Whether the person first became aware of the dismissal after it had taken effect – s.394(3)(b)

[35] It is not in dispute that the Applicant was aware that the Respondent had terminated his directorship of the Respondent on 10 August 2020. The Applicant’s evidence that he was not aware of this until he opened the termination letter on 15 August 2020 is not credible. In all of the circumstances, the proposition that the Applicant would ignore a letter that on his own evidence was hand delivered to him by Mrs Okamoto, a “shadow director of the Respondent and the mother of his partner) and placed prominently around his home, defies belief. Any reasonable person would have apprehended that the letter was of some significance given the effort that Mrs Okamoto went to in pursuit of its delivery. In any event, even on the Applicant’s evidence, he knew by 15 August 2020 that his directorship of the Respondent had been terminated. At best, this is not a matter that weighs in favour of a further period being granted and is a neutral consideration.

Any action taken by the person to dispute the dismissal – s.394(3)(c)

[36] While the Applicant has initiated numerous disputes with the Respondent, the disputes relate primarily to entitlements he claims arising from his alleged status as an employee of the Respondent. The Applicant does not directly dispute the termination of his directorship and obtained another full time position within two days of the date he asserts he became aware that he had been removed as a Director. At best, this is not a matter that weighs in favour of a further period being granted and is a neutral consideration.

Prejudice to the employer (including prejudice caused by the delay) – s.394(3)(d)

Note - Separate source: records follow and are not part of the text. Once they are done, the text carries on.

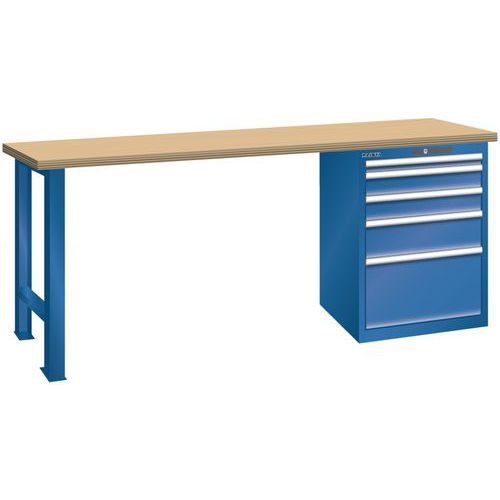 Ã‰tablis Bleu Gent. 1500x800x850 Cap. 1500kg Et 5 Tir. 75kg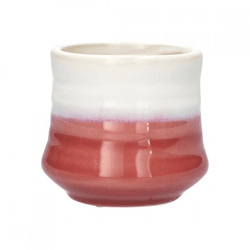 Blumentopf Stuart rosa/weiß 8 cm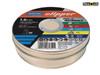 Flexovit - ClipperÂ® Multi-Materials Cutting Discs 115 x 22.23mm (Pack 10)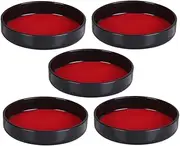 5pcs Dice Cup Base Dice Shaker Holder Dice Shaker Accessories Professional Dice Cup Lid Game Dice Cup Lid Dice Stacking Cup Lid Dice Holders Dice Storage Cup Lid Bar Props Plastic CIYODO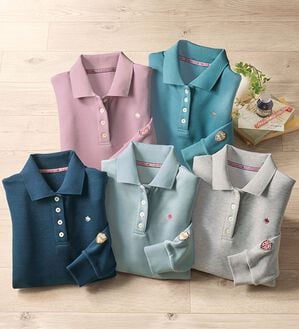 BELLUNA（ベルーナ）の「【ＰＯＬＯ　ＢＣＳ】裏起毛かのこポロシャツ（ポロシャツ）」｜詳細画像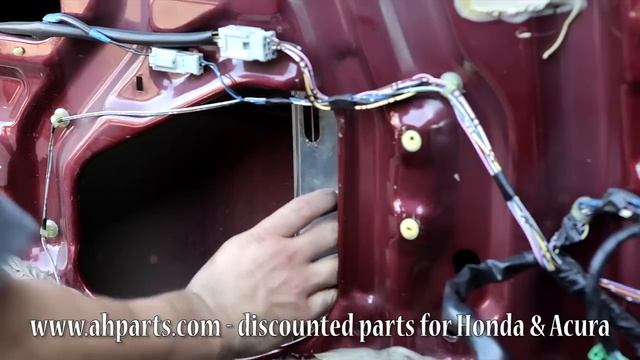 How to fix replace install a broken power window regulator motor Honda Accord 1994 1995 1996 1997 смотреть онлайн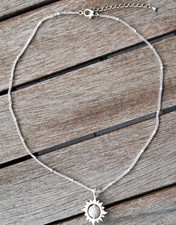 Thomas Sabo You & Friends Kette Halskette Sonne silberfarbig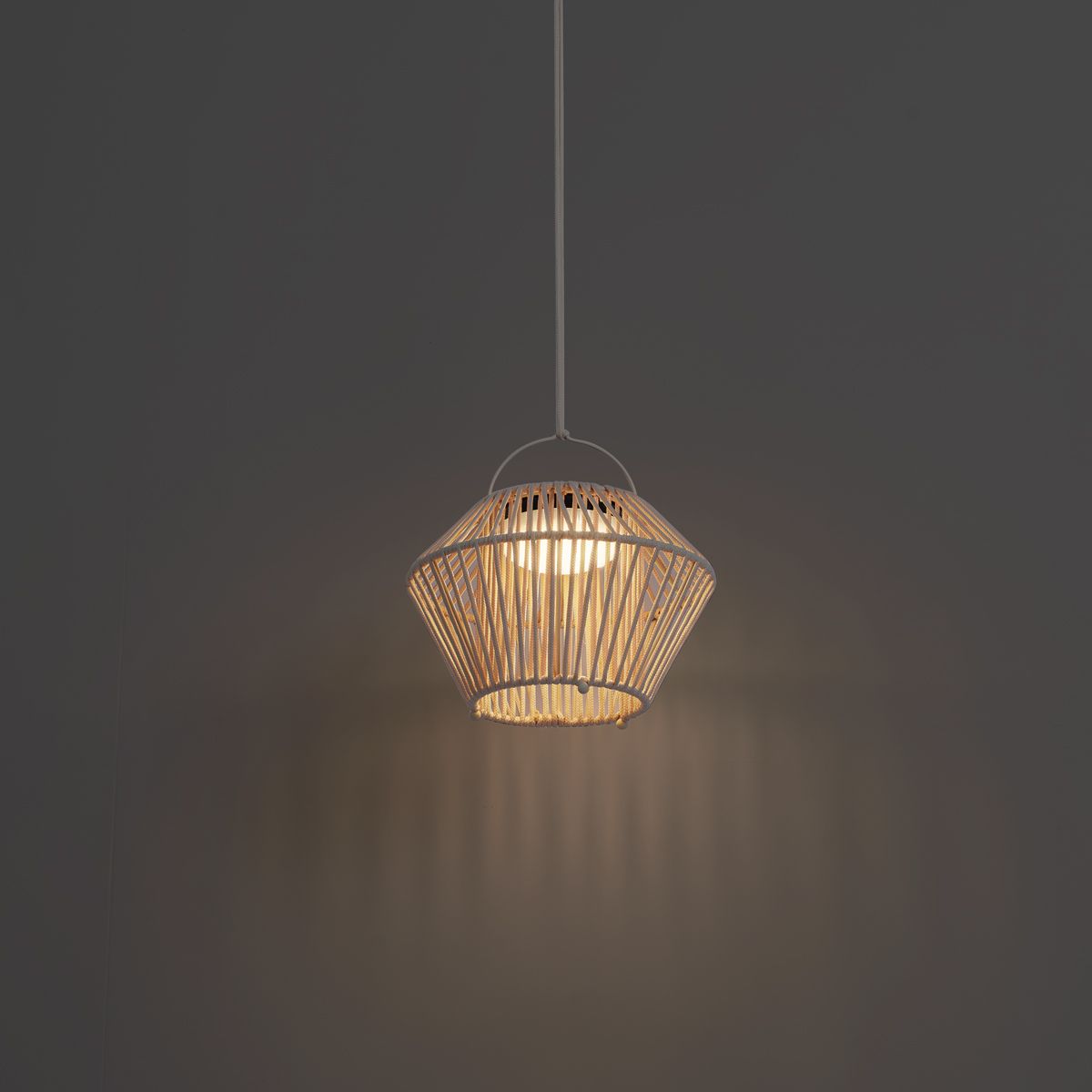 Bohemian tafellamp beige incl. LED 3-staps dimbaar IP54 solar oplaadbaar - Duco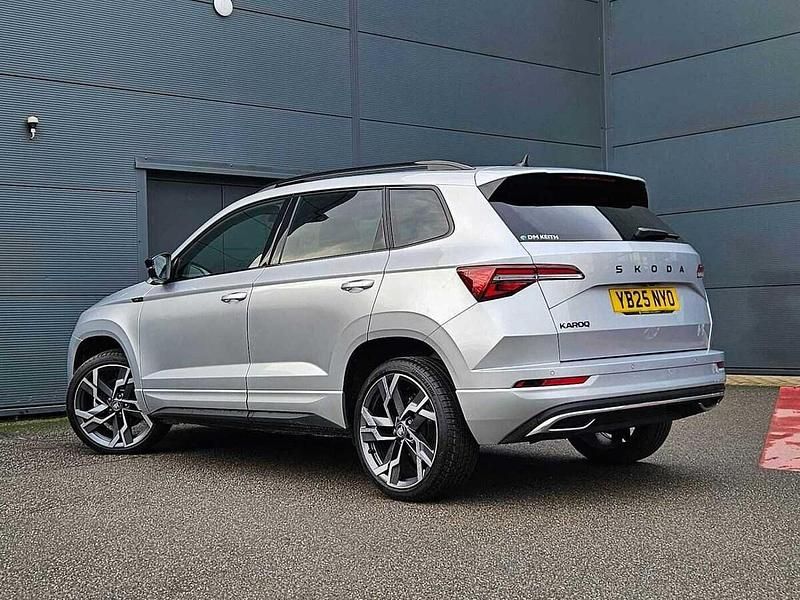 Used Skoda Karoq SportLine 110 HP (80 kW) 2025 Silver SUV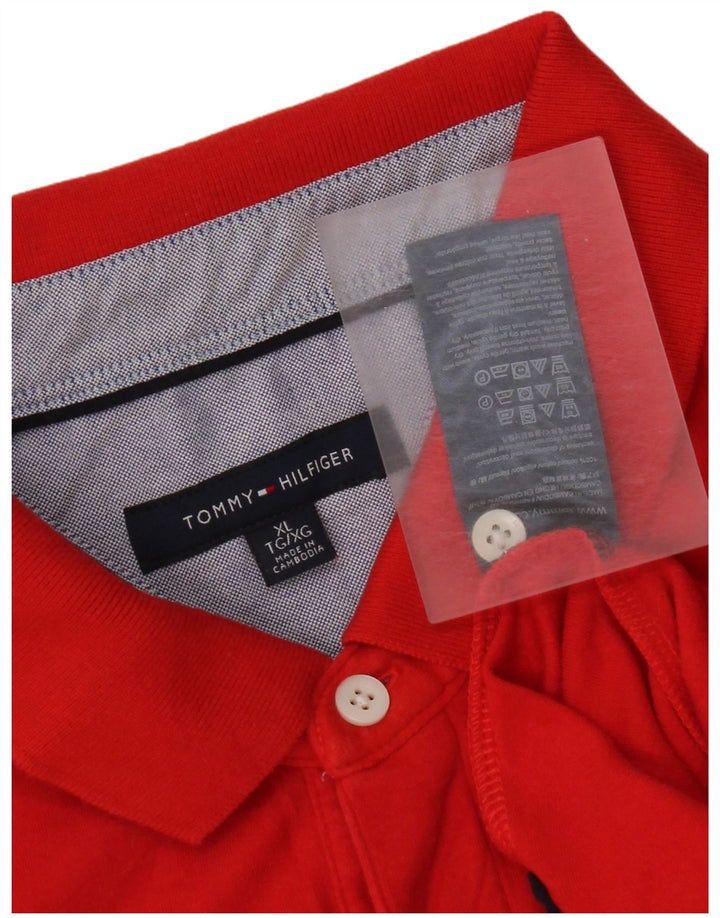Camisa polo masculina Tommy Hilfiger XL algodão vermelho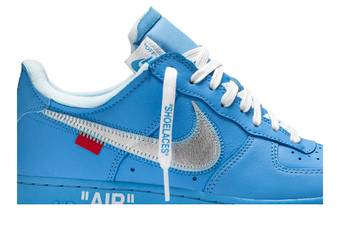 Nike Air Force 1 Low Off-White MCA University Blue – SWGN ESSENTAILS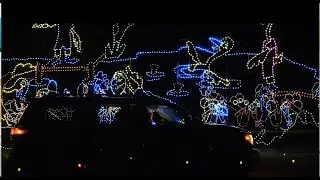 A Family Friendly Holiday Drive-Thru Light Show in Bryson City NC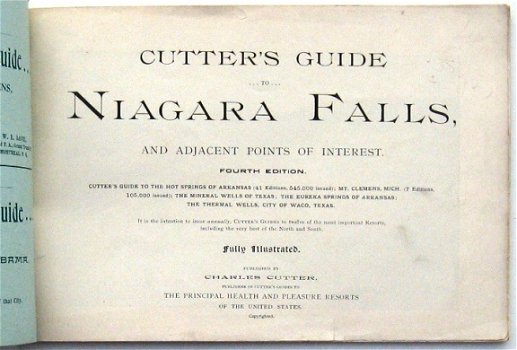Cutters's Guide to Niagara Falls [c.1900] Niagarawatervallen - 2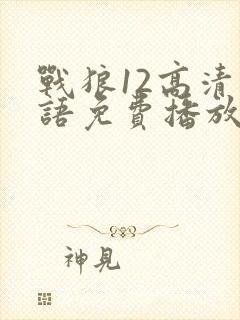 战狼12高清国语免费播放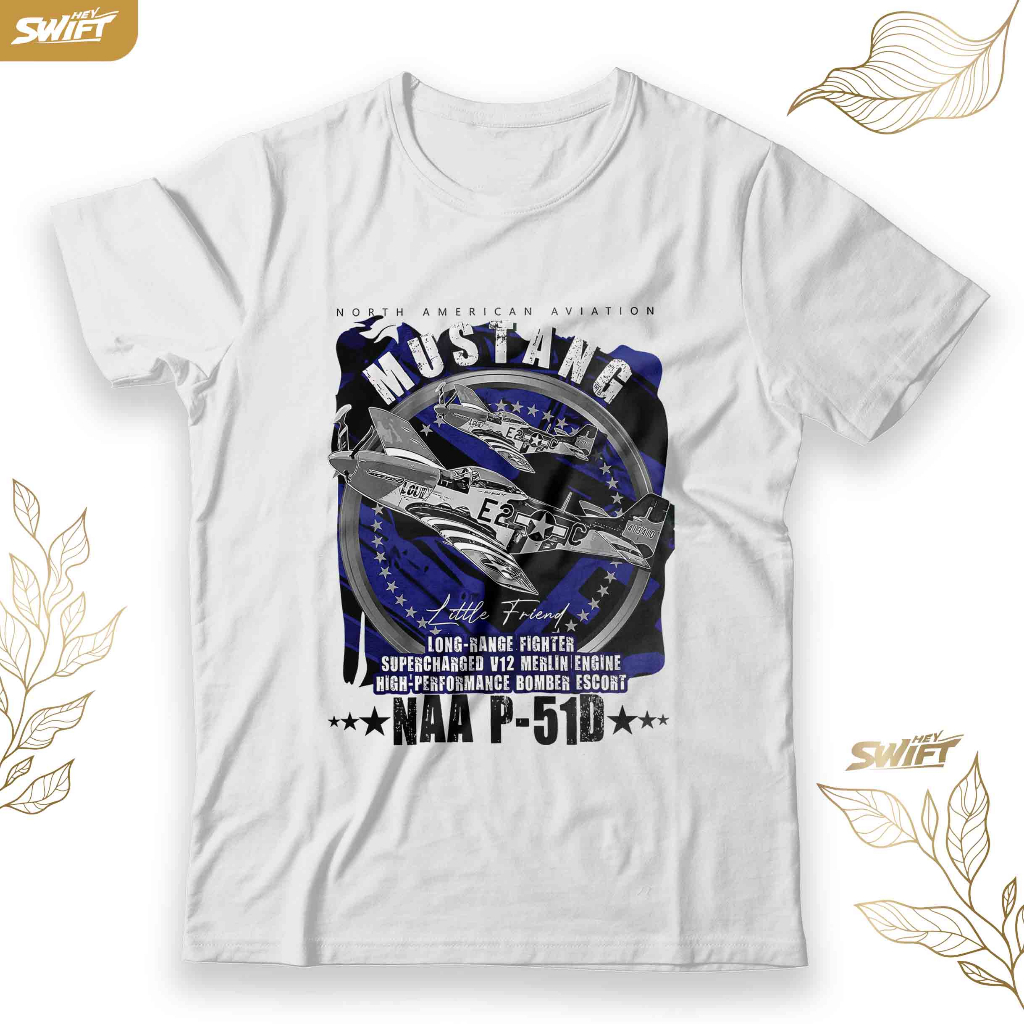 T-shirt P51 Mustang WW2 - Taille XXL/XXXL, Manches Courtes 100% Coton, Neuf Avec étiquettes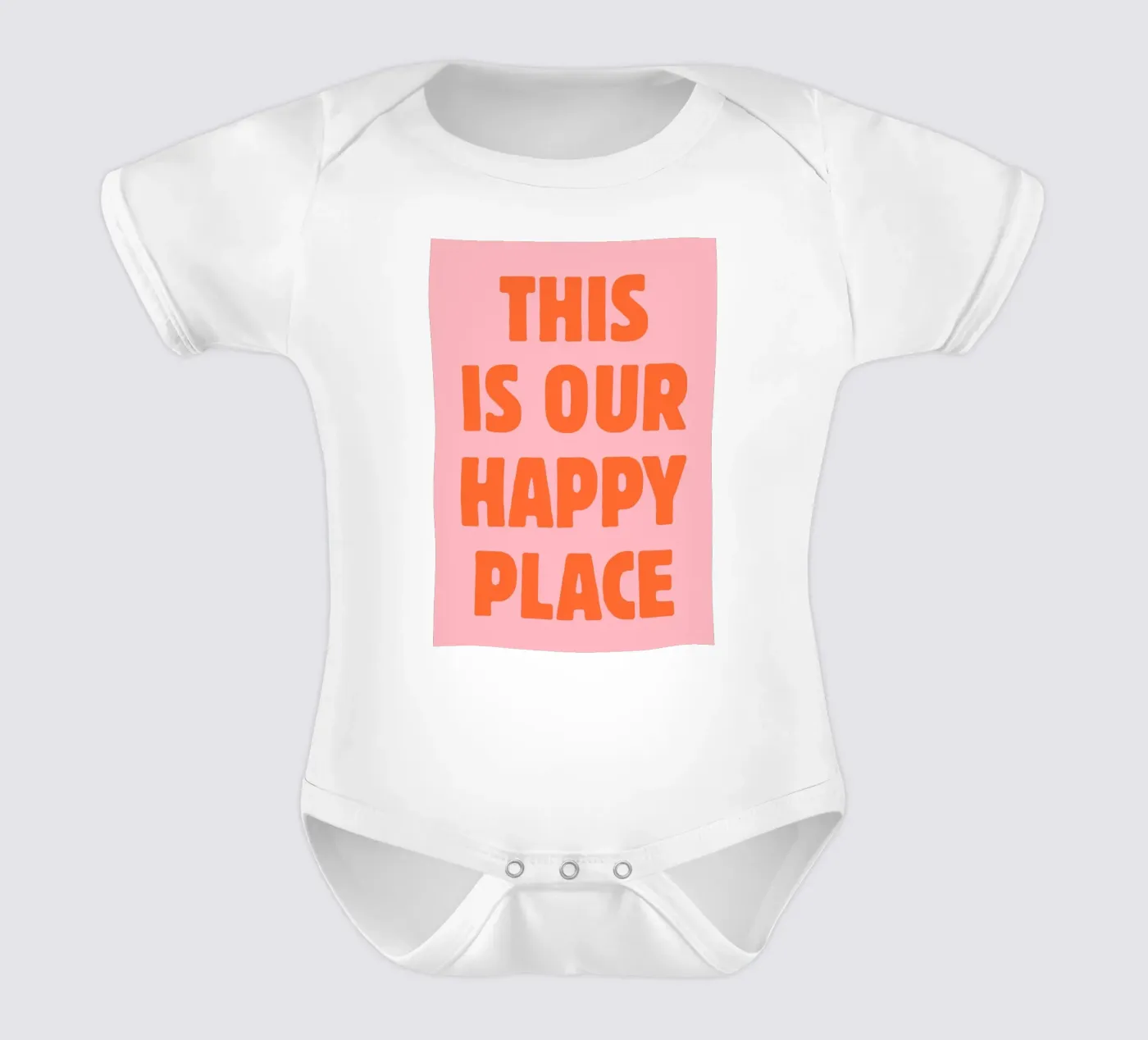 This is our happy place short-sleeve baby romper by pdigitalprints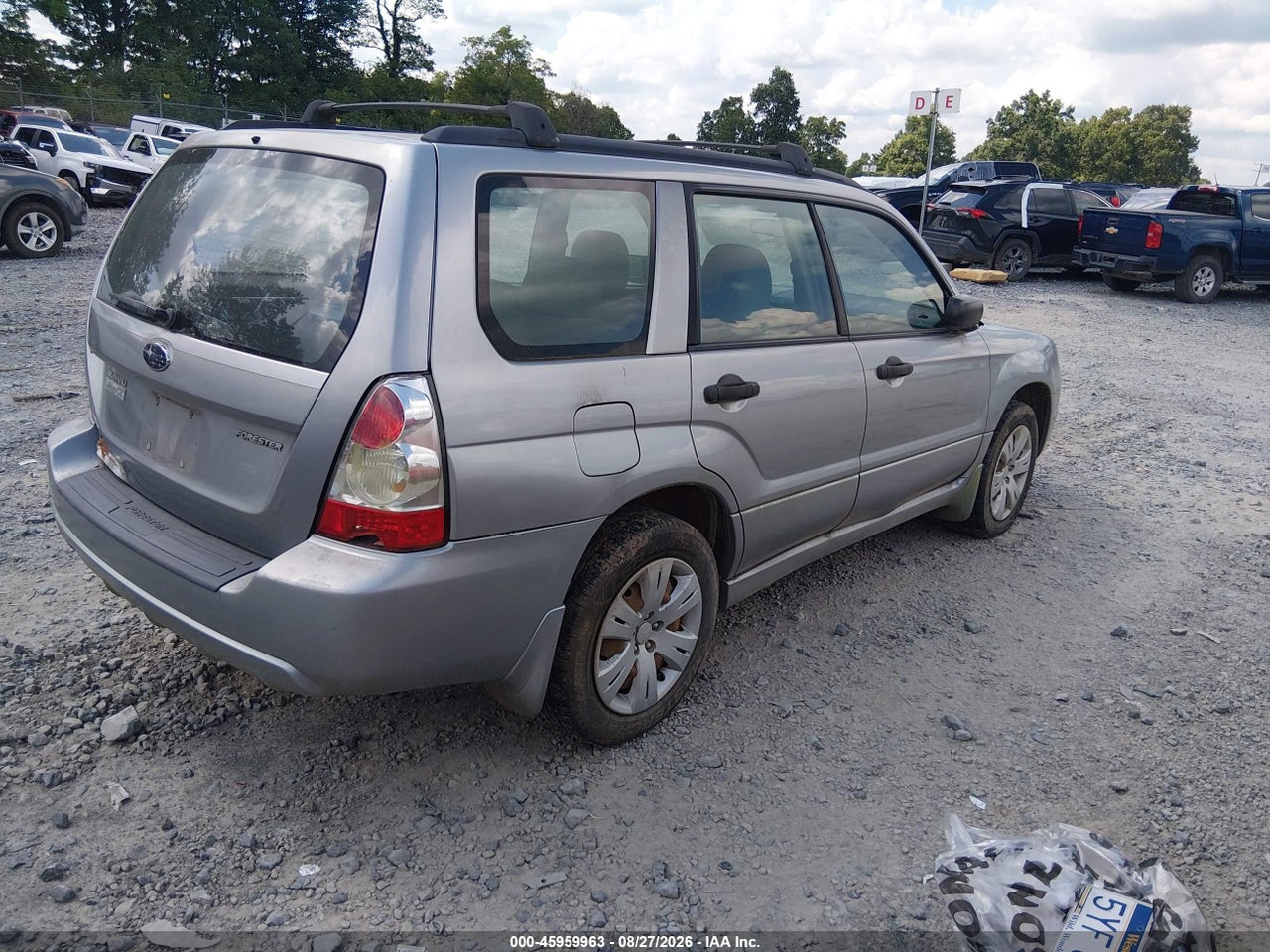 2008 SUBARU FORESTER 2.5X · 4/11
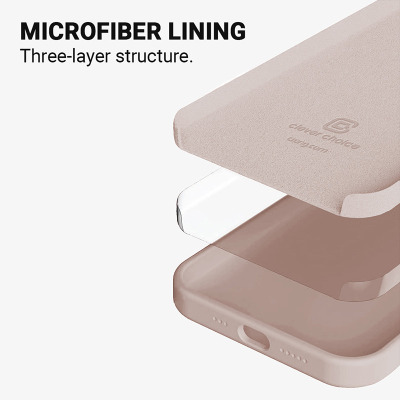 Etui do iPhone 13 Crong Color Cover - Piaskowy Róż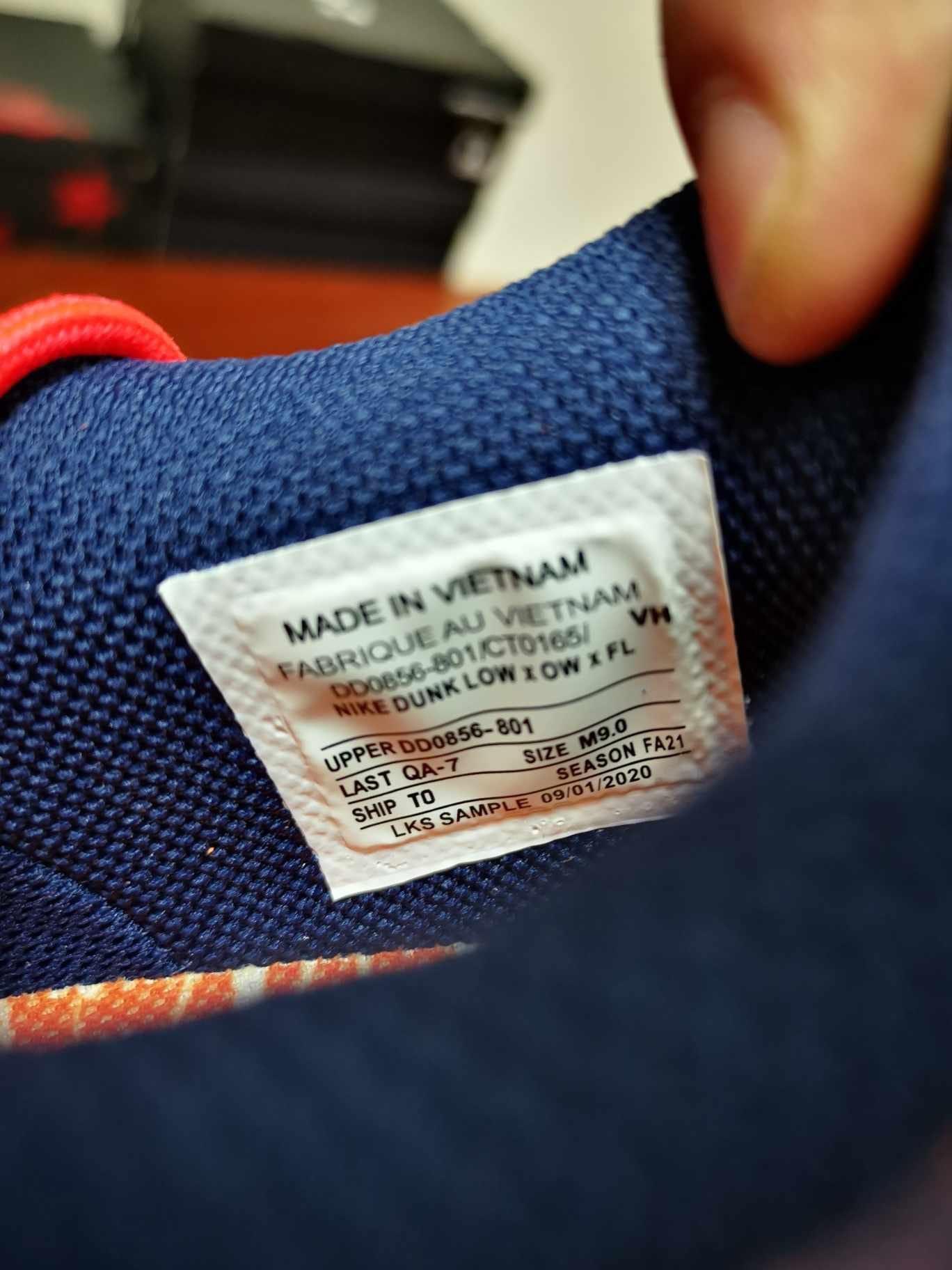 Nike x Futura Laboratories SB Dunk Low OG QS White and Geode Teal 착용 스타일 - 2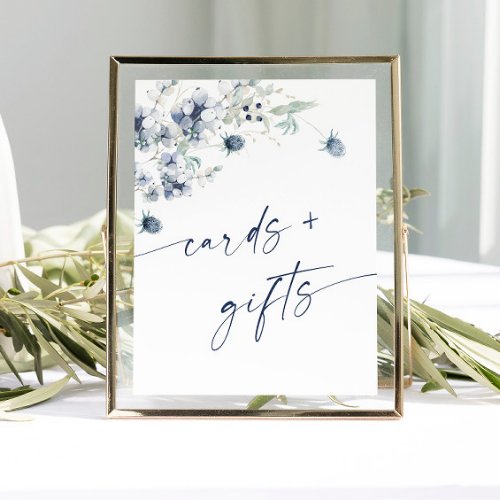 Elegant Winter Foliage Cards  Gifts Wedding Poster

[37] I cannot identify any prejudice that would accrue to the Respondent, other than the usual prejudice of being required to defend the application if I decided to allow a further period within which the application could be made. The delay is not extensive so that there would be any difficulty involving recollection of events or availability of relevant witnesses. By itself the absence of prejudice would not warrant a conclusion that there are exceptional circumstances nor provide a proper foundation to grant an extension of time under s.394(3) of the Act. However, the absence of prejudice does favour the Applicant, and weighs in favour of a further period being granted.

The merits of the application – s.394(3)(e)

[38] In the matter of Kornicki v Telstra-Network Technology Group8 the Commission considered the principles applicable to the exercise of the discretion to extend time under s.170CE(8) of the Workplace Relations Act 1996 (Cth). In that case the Commission said:

“If the application has no merit then it would not be unfair to refuse to extend the time period for lodgement. However we wish to emphasise that a consideration of the merits of the substantive application for relief in the context of an extension of time application does not require a detailed analysis of the substantive merits. It would be sufficient for the applicant to establish that the substantive application was not without merit.”9

[39] After considering the material filed by the parties it is clear that there are factual disputes between the parties. I do not consider that the application is totally without merit, although it is not possible to say that it has strong prospects of success.

[40] The application is met with a jurisdictional objection on the basis that the Applicant was not an employee. Whether that objection would succeed could only be determined at a hearing. I also note that in the Form F2 application, the Applicant seeks a declaration that he was an employee and an order that his termination entitlements be paid and that the matter is dealt with confidentially. Further I note that the demands for settlement set out in his correspondence with the Respondent, also relate to entitlements from his period of putative employment and not from the alleged dismissal. These are outcomes that can only be obtained from Court. The Applicant is a legal practitioner, the fact that he is claiming relief that is not available in an unfair dismissal application is a matter to which I attach some weight.

[41] Given the voluminous and largely irrelevant material filed by both parties, the only certainty would be legal costs for both parties. In all of the circumstances, of the present case, merit weighs against a further period being granted, albeit not significantly.

Fairness as between the person and other persons in a similar position – s.394(3)(f)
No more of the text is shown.